Please note: Poets and playwrights and novelists did this. After watching Moscow authorities beat on people, kick them when they were down, chase them up and down the city's beautiful boulevards and arrest them with no rhyme nor reason — after a week of this, thousands of readers turned out at the invitation of writers to participate in a peaceful, friendly and festive march. It began at the foot of a statue honoring poet Alexander Sergeyevich Pushkin on Pushkin Square and concluded, more or less, at the foot of a monument honoring playwright Alexander Sergeyevich Griboyedov on Chistiye Prudy.

Look how Muscovites responded to a call from its writers to show their faith in, and desire for, peace and common sense.

The beauty of this march was its joy, its lightness and goodwill. This is what prompted Akunin to say during his talk on the Parfyonov and Pozner show on Dozhd television that, "Society has become more adult than the authorities. As I watched people, I kept thinking of the notion of 'adult.'"

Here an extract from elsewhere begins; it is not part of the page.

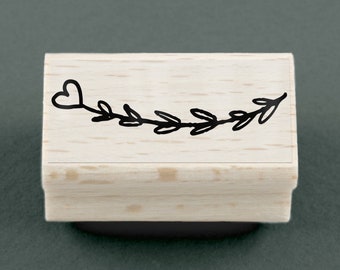 Rubber Stamp Love Divider 35 x 10 mm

Akunin, using the lovely neologism of skachkoobrazno, describes the situation of the last week as "developing in fits and starts." His point, and he makes it clearly, is that the general populace in Moscow is one or two steps ahead of the authorities. The authorities keep doing the same old stuff — seeking to repress any signs of dissent — while the people keep changing their tactics.

This is what was so important on Sunday. For the first time this week, the authorities changed their tactics. To the utter amazement of everyone — protesters and authorities alike — an enormous crowd of readers came out to join writers and peacefully say, "Enough!" They did it without making a single demand, without chanting a single slogan. They did it merely by showing up and taking a walk on one of Moscow's most attractive streets.

The authorities clearly put two and two together and smartly decided to keep their numbers to a bare minimum. There was not a storm trooper in evidence on Sunday. Just a few stray policemen doing their job quietly, keeping an eye on things to make sure all were safe.

The police closed down traffic for hours on the boulevard despite the fact that no one had requested permission for such unusual measures. More to the point, the people closed down the streets with their presence and the police, rather than take aggressive or punitive action, stepped back and let it all happen peacefully. That, folks, was the prestige and, yes, the authority of Russia's writers having its effect.

On my own personal walk, I ran into at least two dozen writers, actors and musicians, some of whom I know and some of whom I know only by name. Rock musician Andrei Makarevich was there. The artist Bilzho was there. The journalist and photographer Yury Rost was there. Playwrights were well represented by Maksym Kurochkin, Viktor Korkiya, Nina Belenitskaya, actor-playwright Sergei Yursky and others.

Kurochkin and I chatted about the incredible transformation in styles of demonstration that has taken place over the last week. "What I like most of all," Maksym said, "is the way the genre keeps changing. This has the feel of something real and substantive."